Only a TI-57 here, but I had a TI-51-III in 1982, replaced three months later by a TI-59 due to a faulty keyboard. The TI-59 worked flawlessly for about six months before eventually being stolen. The replacement HP-15C is still working to date :-)
RE: Simple parallel circuit problem - Dave Frederickson - 08-28-2015 01:47 PM
(08-28-2015 05:52 AM)Gerson W. Barbosa Wrote:(08-28-2015 04:42 AM)Dave Frederickson Wrote: Edit: I just realized I collect vintage TI calculators, too.
Only a TI-57 here, but I had a TI-51-III in 1982, replaced three months later by a TI-59 due to a faulty keyboard. The TI-59 worked flawlessly for about six months before eventually being stolen. The replacement HP-15C is still working to date :-)
I suspect others missed the joke, too. My calculators are the old Excel spreadsheet resistor calculators written by a guy at TI.
Dave
RE: Simple parallel circuit problem - Gerson W. Barbosa - 08-28-2015 05:33 PM
(08-28-2015 01:47 PM)Dave Frederickson Wrote:(08-28-2015 05:52 AM)Gerson W. Barbosa Wrote: Only a TI-57 here, but I had a TI-51-III in 1982, replaced three months later by a TI-59 due to a faulty keyboard. The TI-59 worked flawlessly for about six months before eventually being stolen. The replacement HP-15C is still working to date :-)

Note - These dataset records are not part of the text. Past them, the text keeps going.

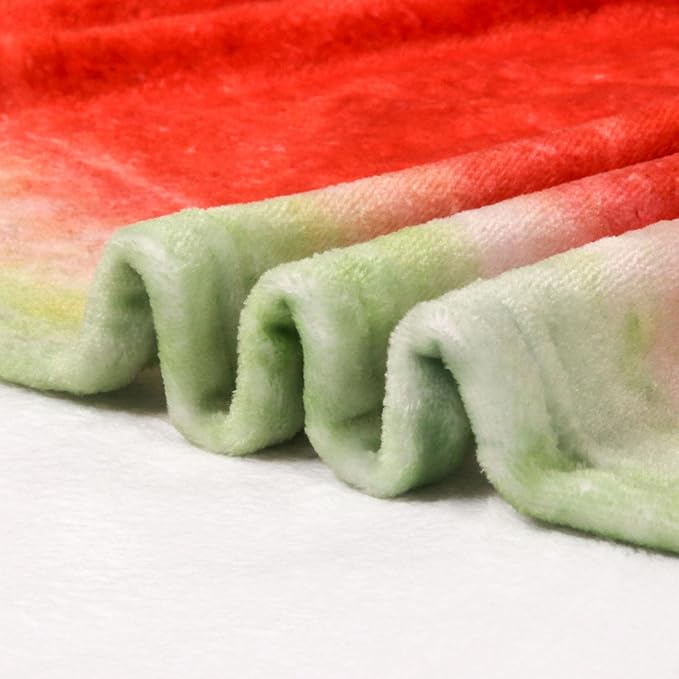 Vessia Watermelon Printed Throw Blanket, 60 inches Realistic Funny Round Food Blanket for Adults and Kids, 300GSM Novelty Fruits Throw for Couch, Sofa, Bed, Fun Home Decor for All Seasons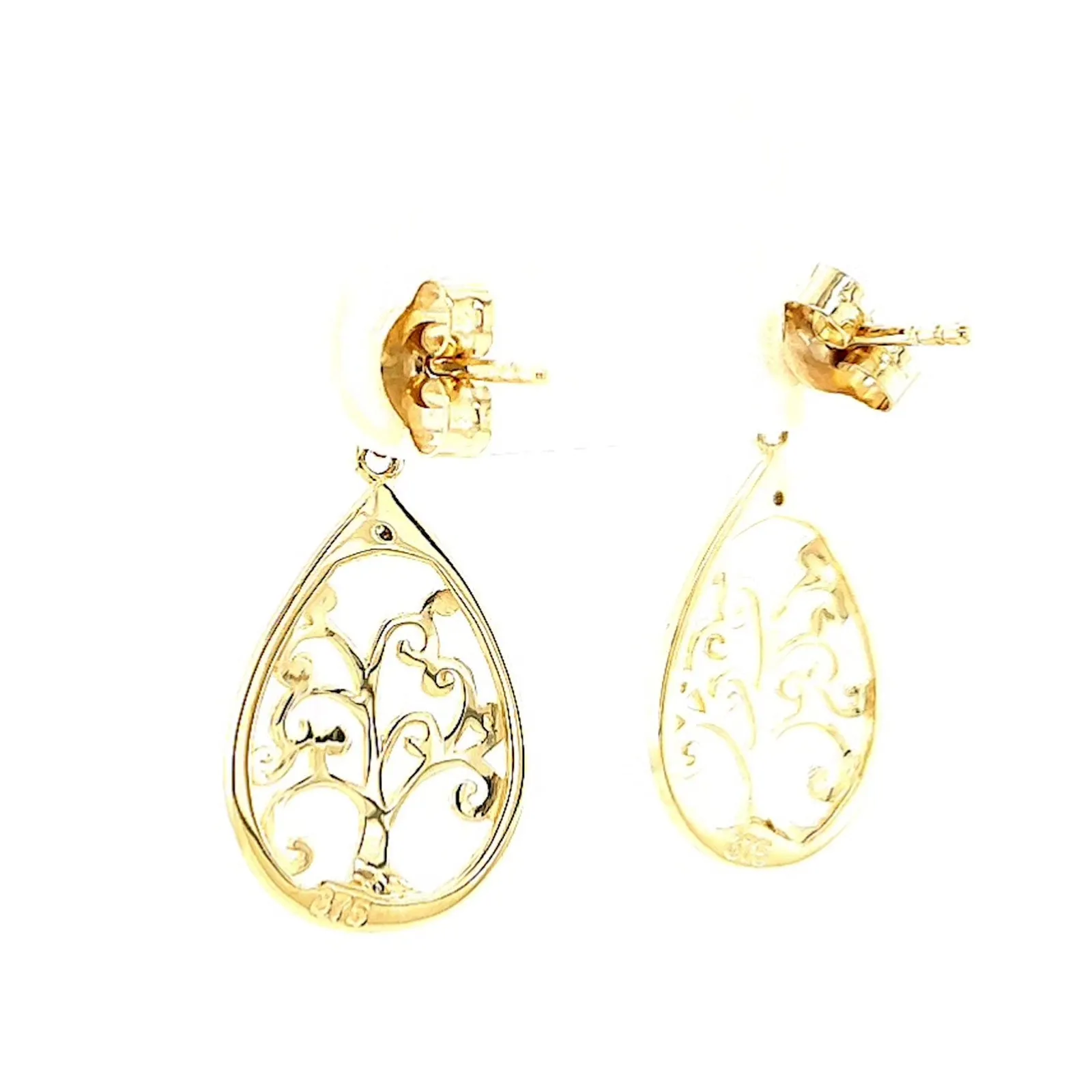 9ct Yellow Gold Diamond Set Tree of Life  Drop Earrings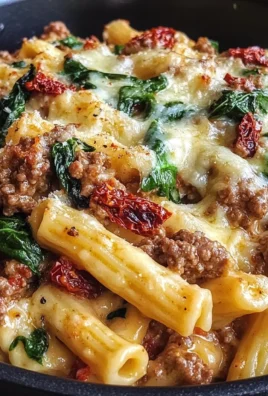 Creamy One-Pot Tuscan Ground Beef Pasta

I suspect others missed the joke, too. My calculators are the old Excel spreadsheet resistor calculators written by a guy at TI.
Quote:PARALLEL RESISTOR CALCULATOR, Version 1
By Bruce Carter, Texas Instruments Applications
This utility solves a common engineering problem - how to reach a target
resistance with two resistors in parallel. It assumes that you are free to choose
one of the two resistors that will be put in parallel - called the "seed" resistor.
The spreadsheet will then choose the closest resistor that, in parallel with
the seed resistor, will produce the target resistance. You have the choice of
using 1% resistors, or 5%.
I did follow the links and noticed the TI reference. I even wondered about the connection to TI calculators. Sarcasm sign needed here sometimes :-)
I usually solve the first problem on the WP 34S by following this procedure:
1000 ENTER 50 +/- g || --> -52.6315789474
Then I manually select one from the tables (or from my spare parts box), closest positive value, of course :-)
1000 ENTER 52.3 g || --> ~ 49.7 ohms.
Gerson.
P.S.: I love the || function on the WP-34S. Thanks, Walter!
RE: Simple parallel circuit problem - Vtile - 11-04-2015 01:57 AM
Here is simple program (I just typed) in UserRPL to make it easy with 28..50g. The original idea is from L.R.Linares (He have done really nice series of HP49/HP50g instruction videos to youtube), but I'm not sure if this is 1:1 his solution for this job or were it even Linares original idea at first place.
I named it Parallel Impedance, Pimp for short.
Code:
<<
INV SWAP INV SWAP + INV
>>For imaginary circuit
Code:
Z1
-+--####--+------------+
| | |
# # #
# Z4 # Z3 # Z2
# # #
| | |
-+----------+------------+First enter two first parallel impedance values (in complex, s-domain, resistance form) in input line like:
Z2 [SPaCe] Z3
Pimp
=> 1/(1/Z2)+(1/Z3)
Z1 +
=> (1/(1/Z2)+(1/Z3))+Z1
Z4 Pimp
=> 1/(1/((1/(1/Z2)+(1/Z3))+Z1))+(1/Z4) <-- Parentheses look out..
That is it, now only should one use ->num etc. to get decimal form.
-Middle of night, -LV